- WHAT YOU SHOULD DO
Type the data below again exactly. Omit all pictures.

- DATA PROVIDED
+++

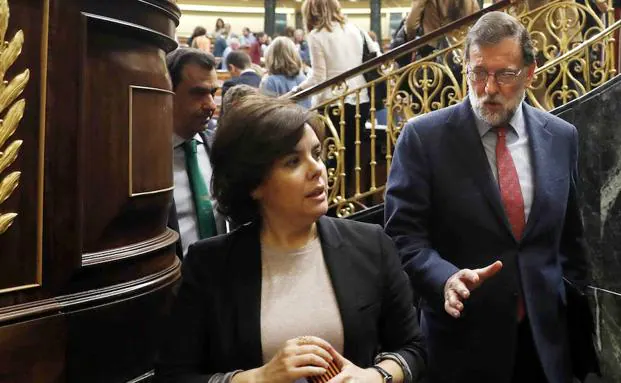 La vicepresidenta Soraya Sáenz de Santamaría junto al presidente del Gobierno Mariano Rajoy.
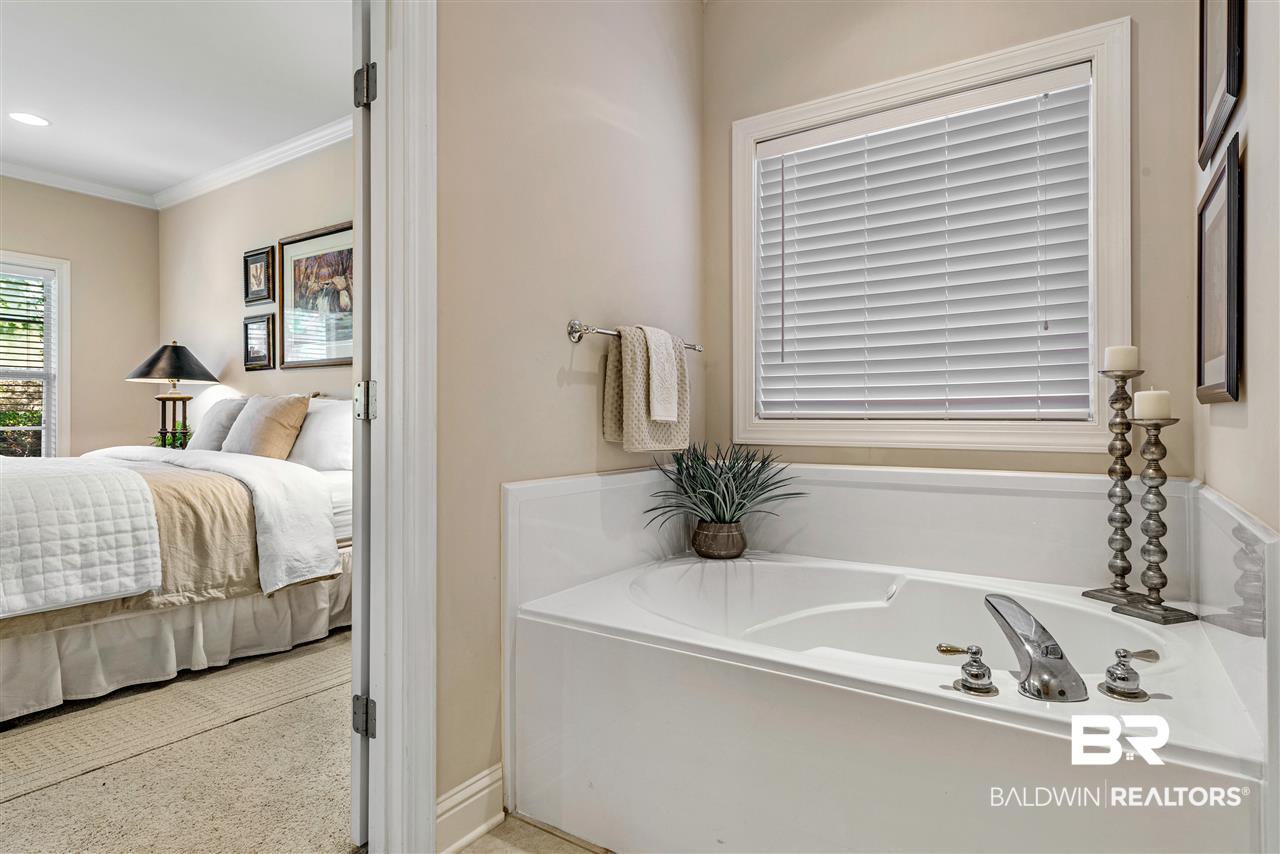 10137 Constantine Street Daphne, AL 36526 - Photo 15 of 25 Master Bath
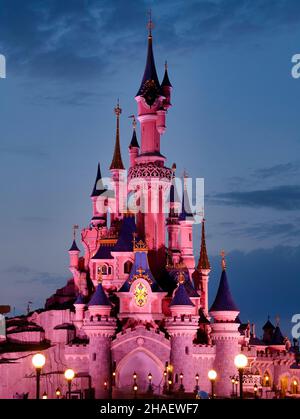 Detail Gambar Istana Disneyland Nomer 45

+++

- SOLUTION TO THIS PROBLEM
 La vicepresidenta Soraya Sáenz de Santamaría junto al presidente del Gobierno Mariano Rajoy.
 10137 Constantine Street Daphne, AL 36526 - Photo 15 of 25 Master Bath
 Detail Gambar Istana Disneyland Nomer 45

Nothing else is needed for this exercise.